Sul rapporto tra uomo e tecnologia Marchetti è ottimista. «La tecnologia – ha affermato Marchetti – è fatta da uomini, da programmatori da scienziati. Ci sarà chi spingerà l’asticella al massimo o magari c’è chi lo sta già facendo, ad esempio con l’intelligenza artificiale, ma le persone si stuferanno e tireranno il freno a mano. Saremo sempre in grado di tornare indietro».
Nel libro è anche raccontato il lato mondano della tecnologia. Marchetti, avendo lavorato a metà tra tecnologia e moda, ha frequentato entrambi gli ambienti. Uno dei momenti più memorabili è stato quando è stato invitato a una cena a casa di Bill Gates.
«Erano circa 50 uomini – ha raccontato Marchetti – sopra i 50 anni, ovvero nessuno lì dentro conosceva Yoox e nessuno mi considerava. Così ho iniziato a girare per la casa curiosando. A un certo punto in questo grande salone vedo un uomo e dopo un po’ capisco che è proprio Bill Gates che si è rifugiato a mangiare in santa pace. Non ho resistito e gli ho chiesto un selfie. Poi gli ho regalato un cofanetto di Amarcord, di cui avevo appena finanziato il restauro. Bill Gates sapeva tutto, sapeva dell’Oscar, sapeva in che anno era uscito. È un uomo di cultura a tutto tondo».
È con un altro “regalino” che Marchetti si è guadagnato la simpatia dell’allora Principe Carlo. Su un tabloid inglese scrivevano che Carlo si faceva addirittura spremere il dentifricio sullo spazzolino da un maggiordomo. Marchetti allora ha decise di rischiare tutto e, una volta che lo aveva invitato in Scozia, gli regalò uno spremi dentifricio comprato da un artigiano a Milano. «Carlo si mise a ridere – ha scherzato Marchetti – e apprezzò il gioco, allora capii che era una persona con cui si poteva ragionare. Andammo subito d’accordo. Col senno di poi non ci credo alla storia del maggiordomo che spreme il dentifricio, non è da lui».

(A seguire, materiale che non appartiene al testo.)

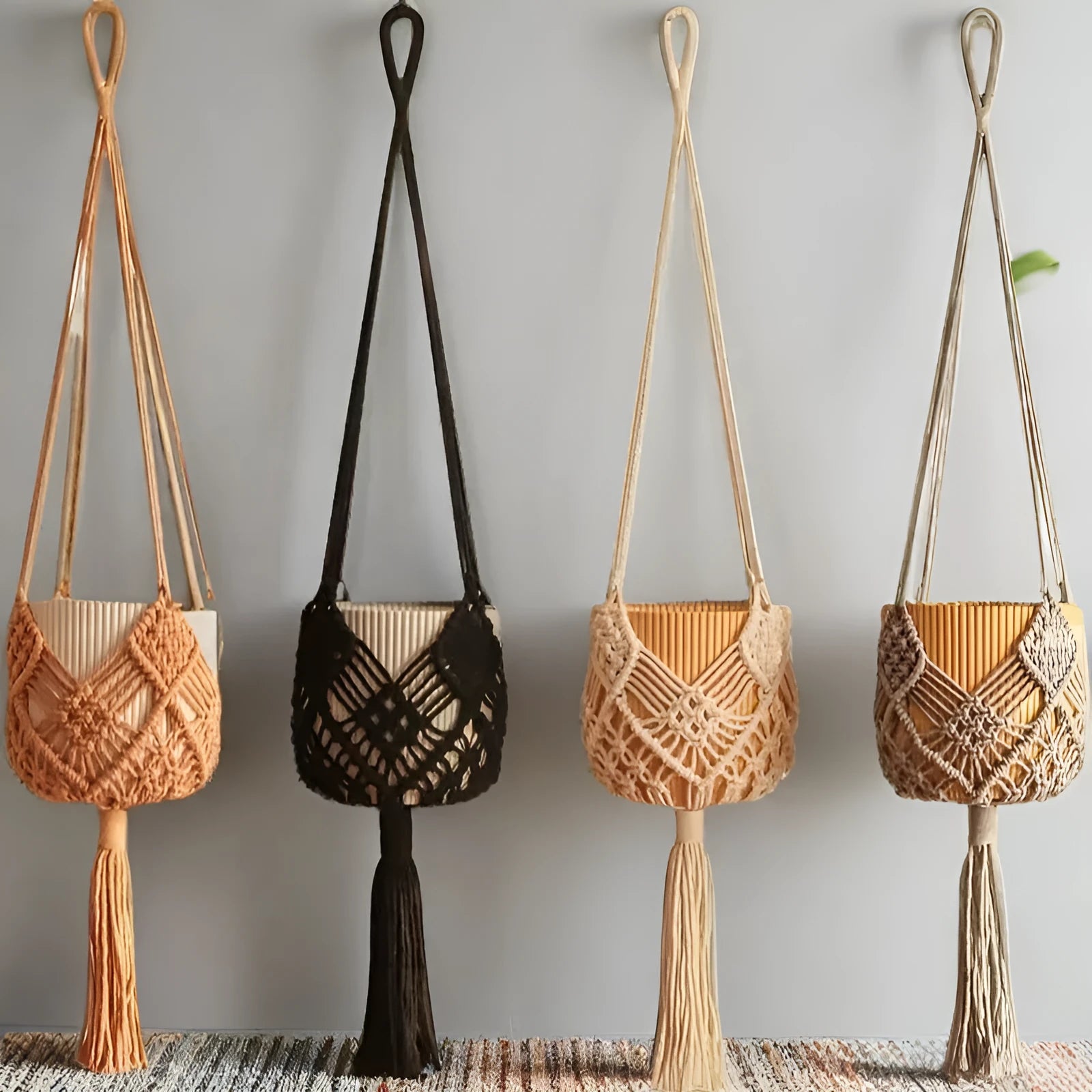 Hand-woven minimalist flower pot in a neutral colour with a woven net pocket extension cord.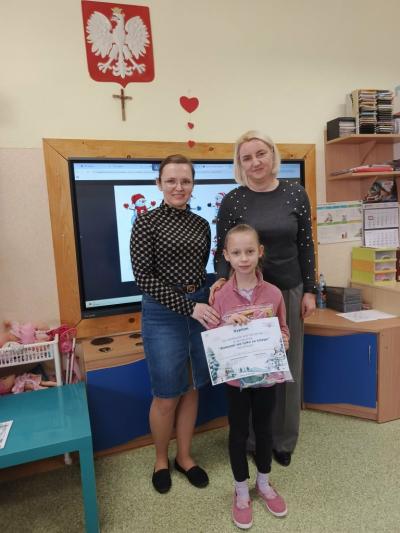 Dziewczynka z grupy misie pozuje do wspólnego zdjęcia z nauczycielkami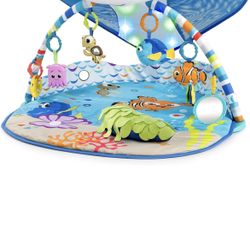 Bright Starts Finding Nemo Mr. Ray Ocean Lights & Music Baby Activity Gym with Tummy Time Pillow, Newborn+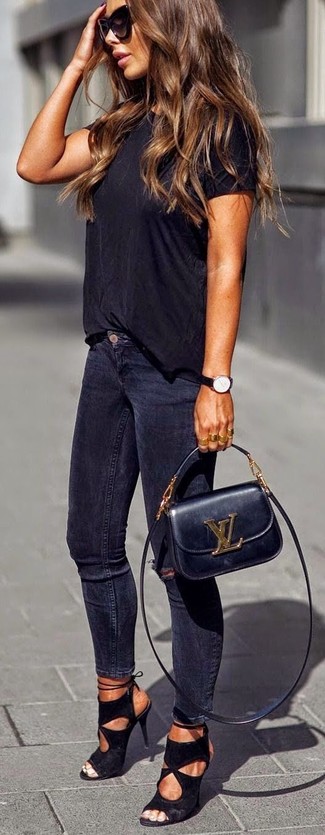 Black Suede Heeled Sandals Hot Weather Outfits: A black crew-neck t-shirt and navy skinny jeans will allow you to showcase your fashionable self. If you need to effortlessly rev up this outfit with footwear, why not complete your look with a pair of black suede heeled sandals?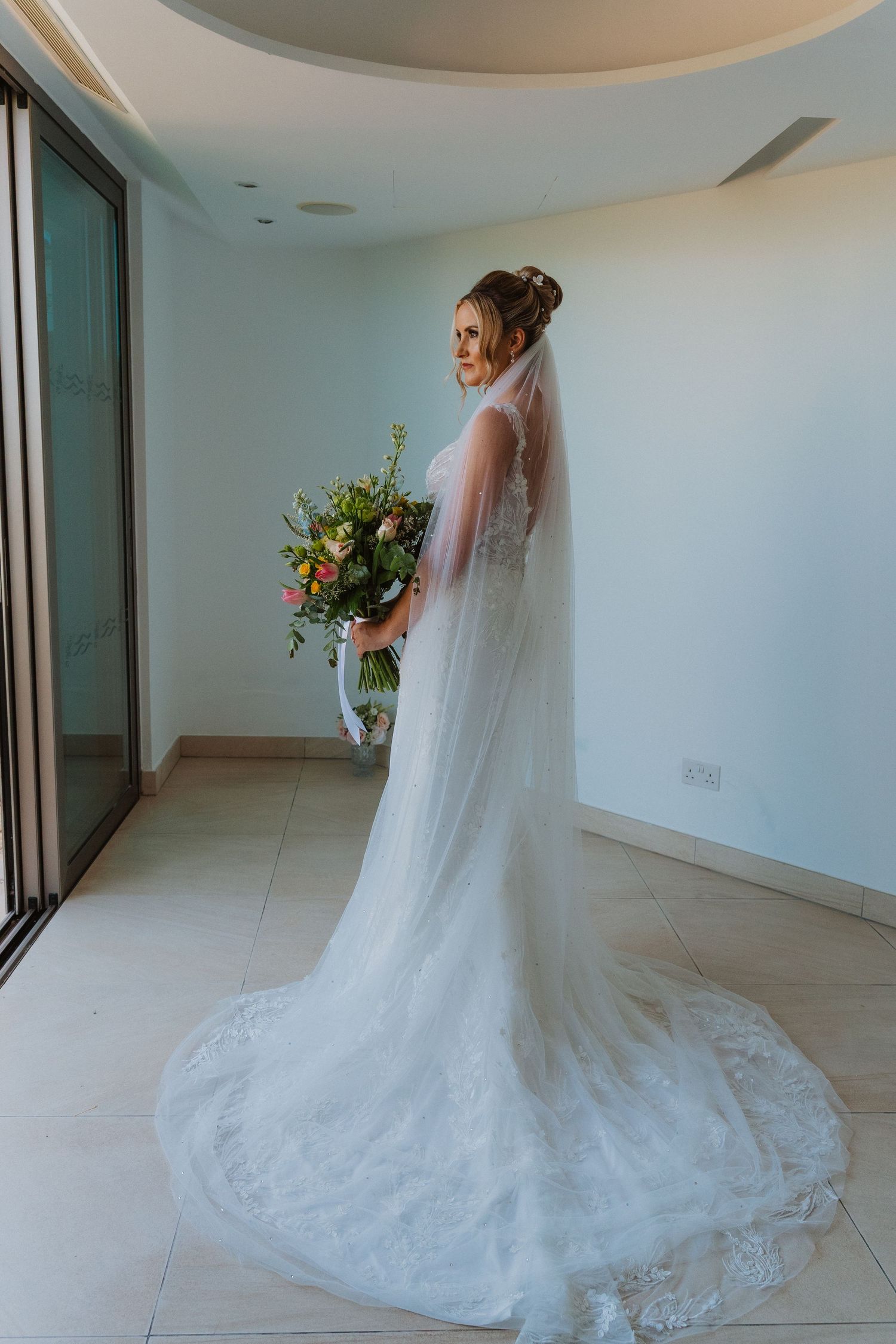 A bride in a flowing white lace wedding gown with a long veil stands in an elegant hallway.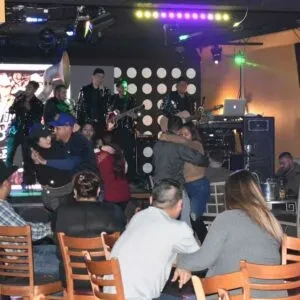 Lively indoor scene: band plays, couples dance, patrons sit.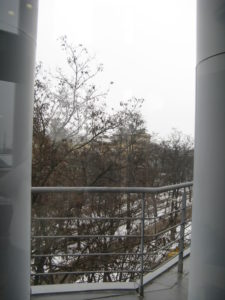 View out another one of the foyer windows. There is a small walkway and the president has a door out in his office.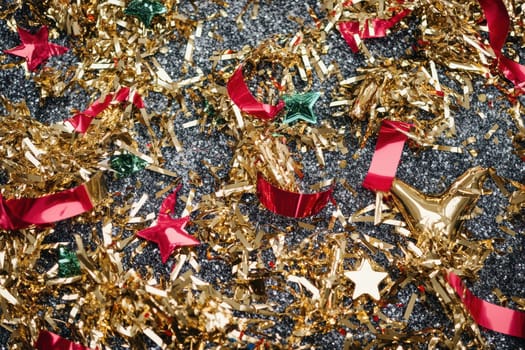 Bright gold and red decorations are scattered across a dark surface creating a festive and cheerful atmosphere for celebrations.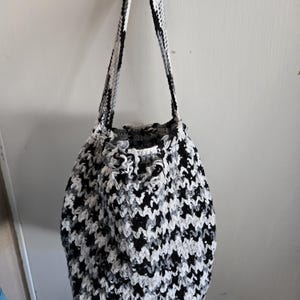 May include: A handmade crochet bag in a houndstooth pattern of black, white, and gray. The bag has a drawstring closure and long straps for carrying over the shoulder. The bag is hanging against a white wall.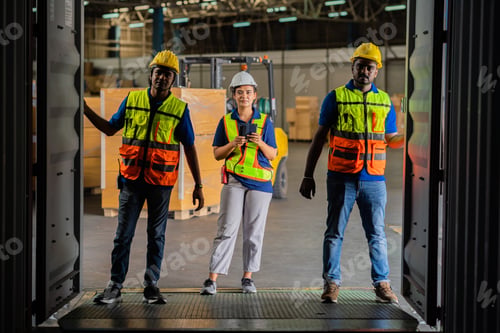 Preview: A group of African American workers checking the goods in the container. Factory workers are keeping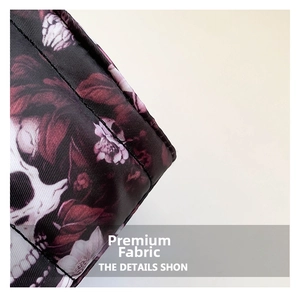 Macro shot of durable fabric with gothic skull and red rose print detailing
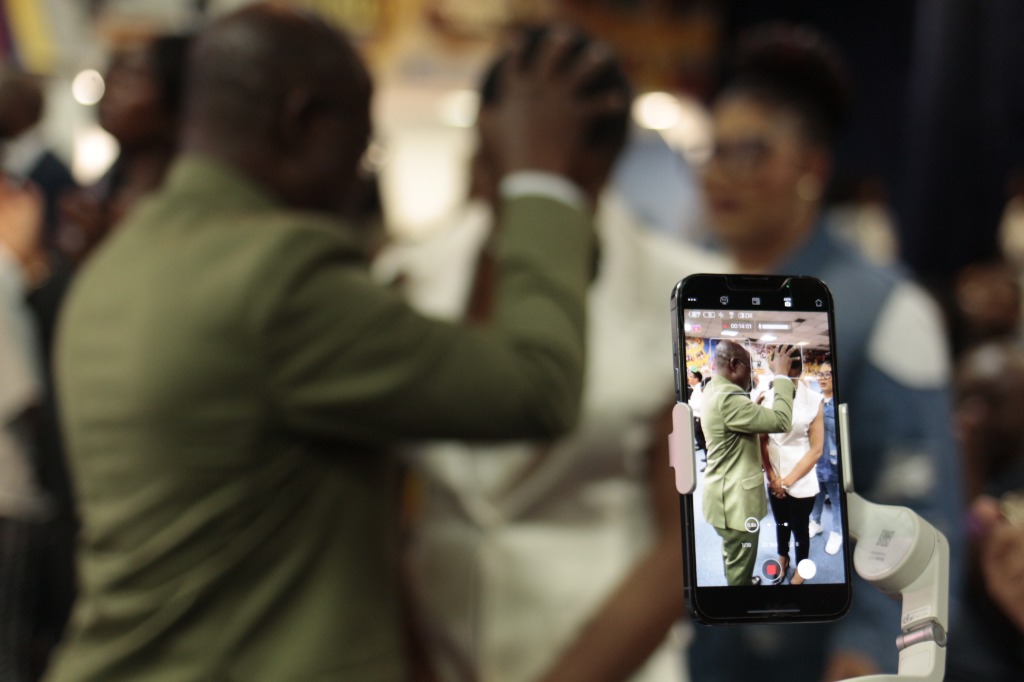 Pastor ministering and community member recording on mobile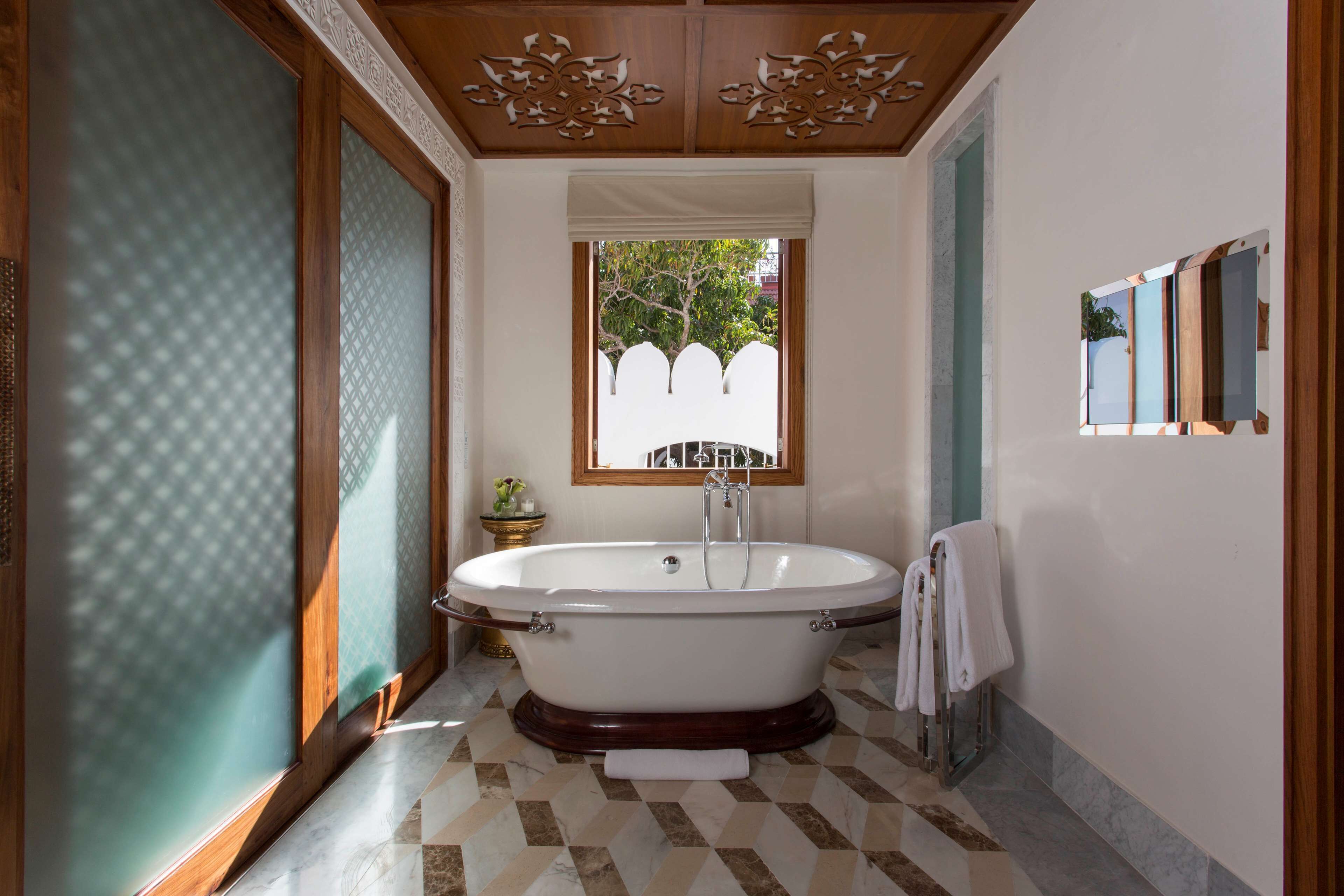 Un baño con una bañera independiente, una ventana que ofrece vistas a la vegetación y suelo de baldosas.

Di fronte alla madre in prima fila, Marchetti conclude ringraziandola: «Da piccoli non ci si accorge del substrato di valori che i genitori ci trasmettono, loro insistono e tu magari non vuoi ascoltarli, ma alla fine li assorbi comunque. Grazie mamma».
Dopo la chiacchierata di un’ora, resta inesplorato il campo delle difficoltà, degli ostacoli e dei momenti di debolezza affrontati lungo il cammino, tra il momento in cui arriva l’idea e quello in cui ci si ritrova in mano un “unicorno”. Non resta che sperare di scoprire qualcosa in più dalla lettura. “Le avventure di un innovatore” è in libreria e online.